## Assignment
Exact wording is required: give all the records again, minus the pictures.

Material supplied START

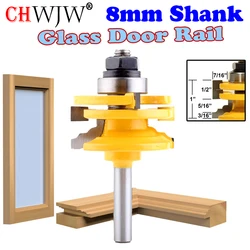 1 Pc 8mm Shank Glass Door Rail & Stile Reversible Router Bit Wood Cutting Tool woodworking router bits- Chwjw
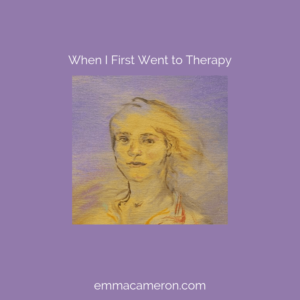 When I First Went to Therapy. Title and painting of girll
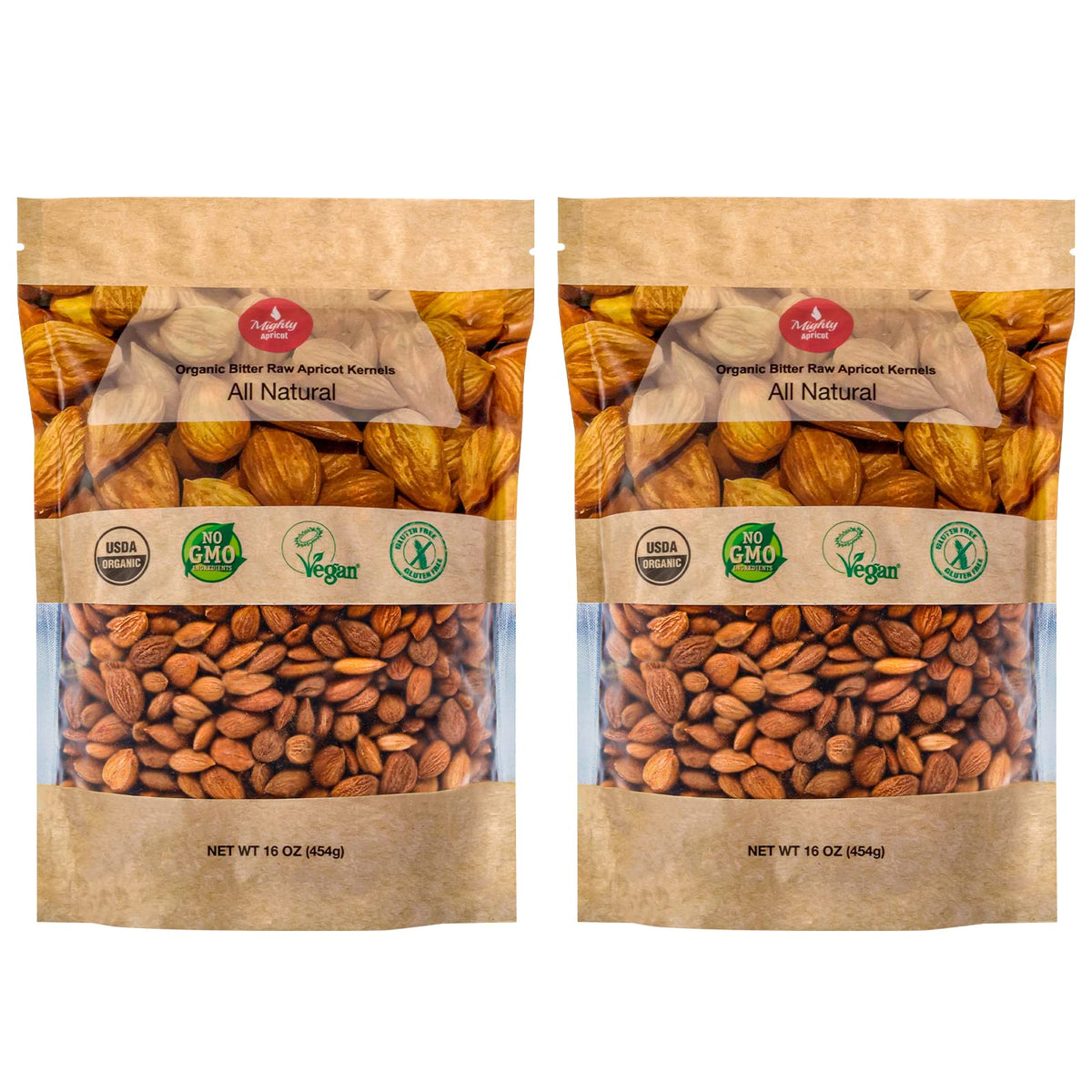 Mighty Apricot bitter apricot kernels in a resealable package for pantry storage.
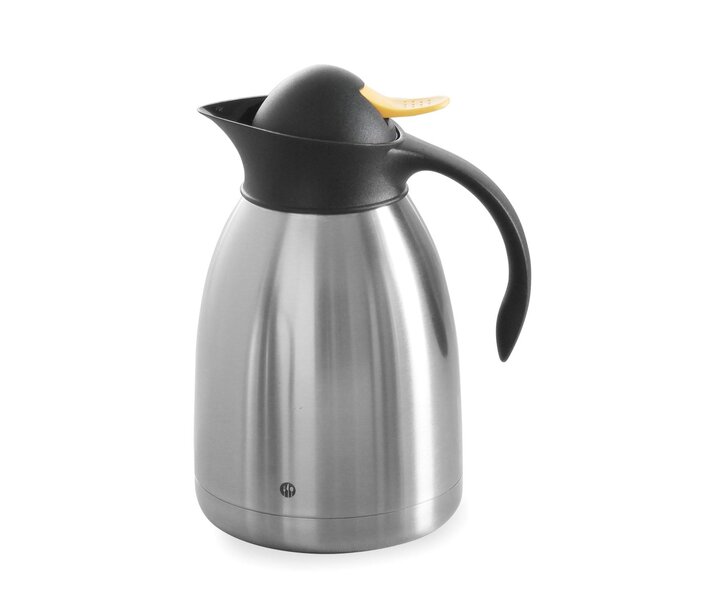 M&T Insulated jug 1,5 liter double walled stainless steel with yellow push-button cap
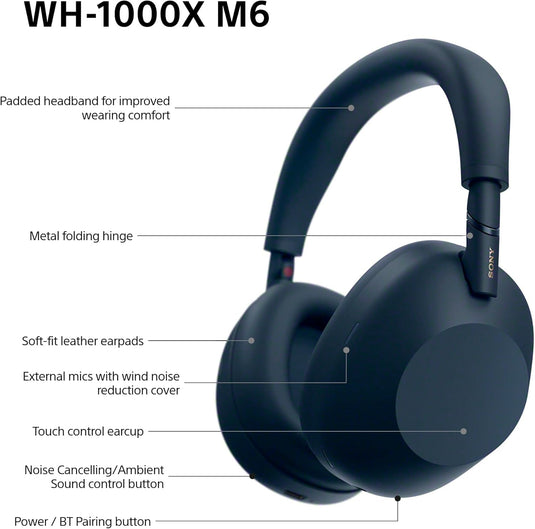 Sony WH-1000XM6 Wireless Noise Cancelling Headphones, Blue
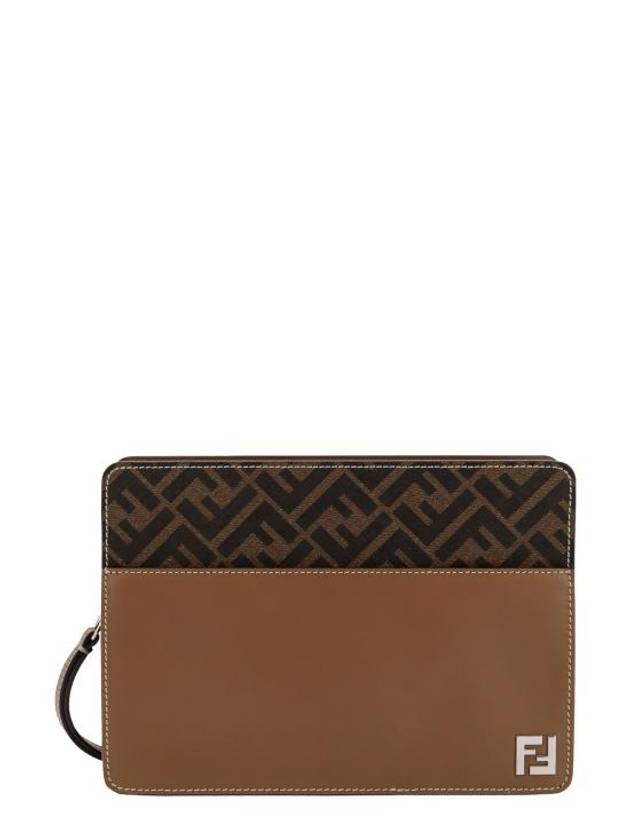 Squared FF Logo Standing Clutch Bag Beige Brown - FENDI - BALAAN 1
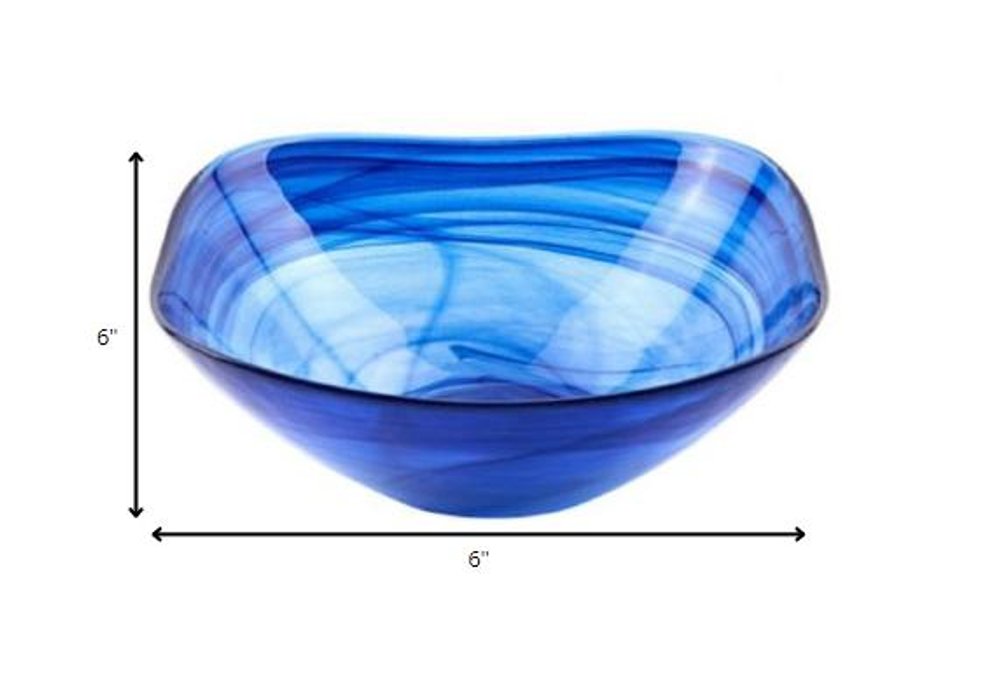 Set Of Two Modern Soft Square Blue Swirl Glass Bowls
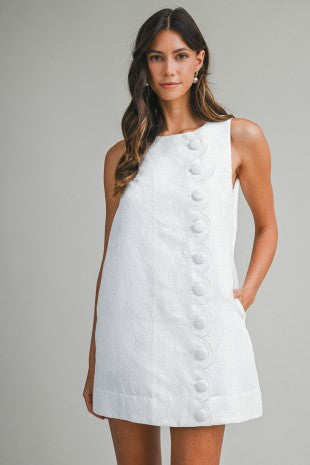 Ivory Elegance Button Dress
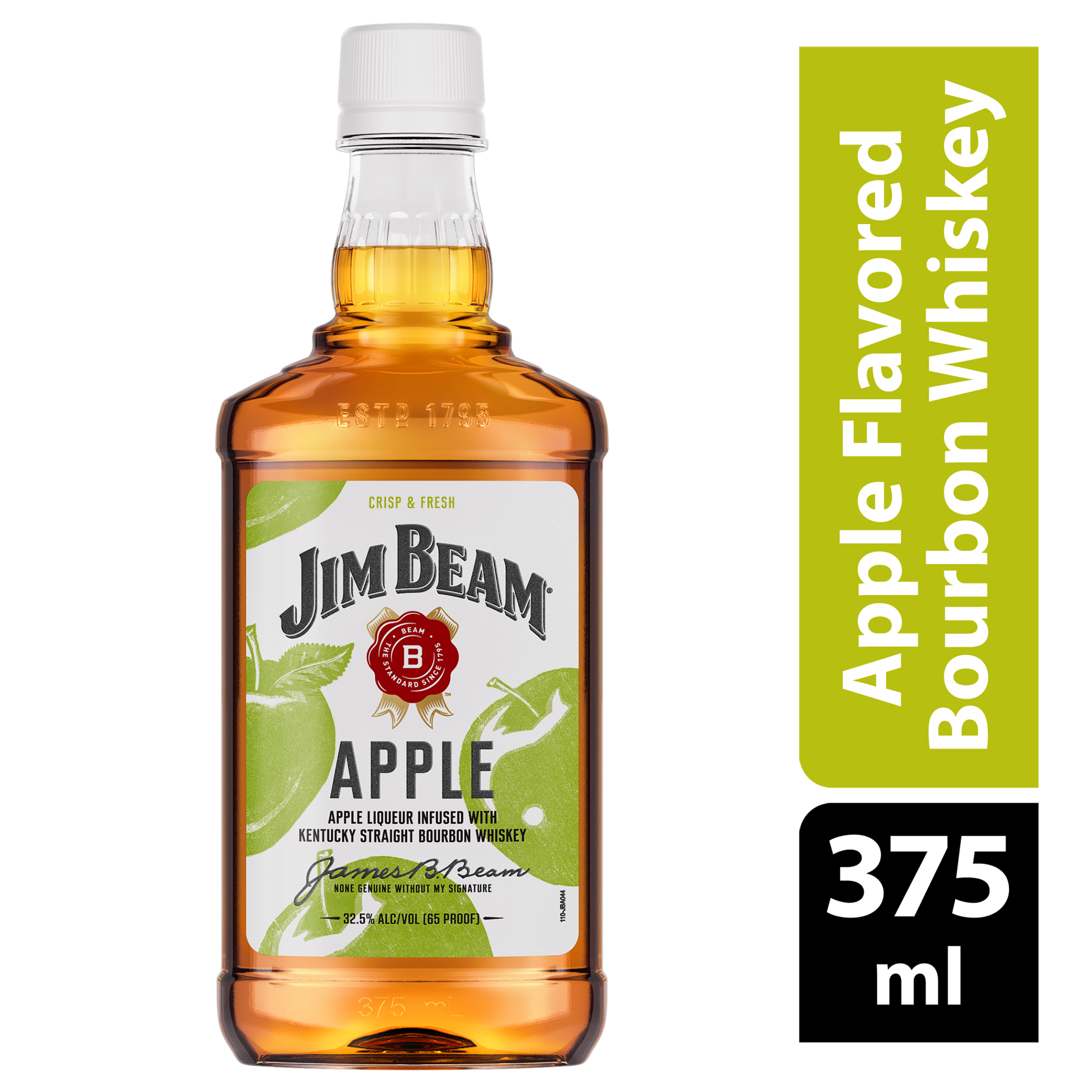 slide 1 of 2, Jim Beam Apple Liqueur with Kentucky Straight Bourbon Whiskey 375 ml, 375 ml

Material supplied END

## Solution
 1 Pc 8mm Shank Glass Door Rail & Stile Reversible Router Bit Wood Cutting Tool woodworking router bits- Chwjw
 When I First Went to Therapy. Title and painting of girll
 Mighty Apricot bitter apricot kernels in a resealable package for pantry storage.
 M&T Insulated jug 1,5 liter double walled stainless steel with yellow push-button cap
 Sony WH-1000XM6 Wireless Noise Cancelling Headphones, Blue
 Squared FF Logo Standing Clutch Bag Beige Brown - FENDI - BALAAN 1
 Set Of Two Modern Soft Square Blue Swirl Glass Bowls
 Ivory Elegance Button Dress
 slide 1 of 2, Jim Beam Apple Liqueur with Kentucky Straight Bourbon Whiskey 375 ml, 375 ml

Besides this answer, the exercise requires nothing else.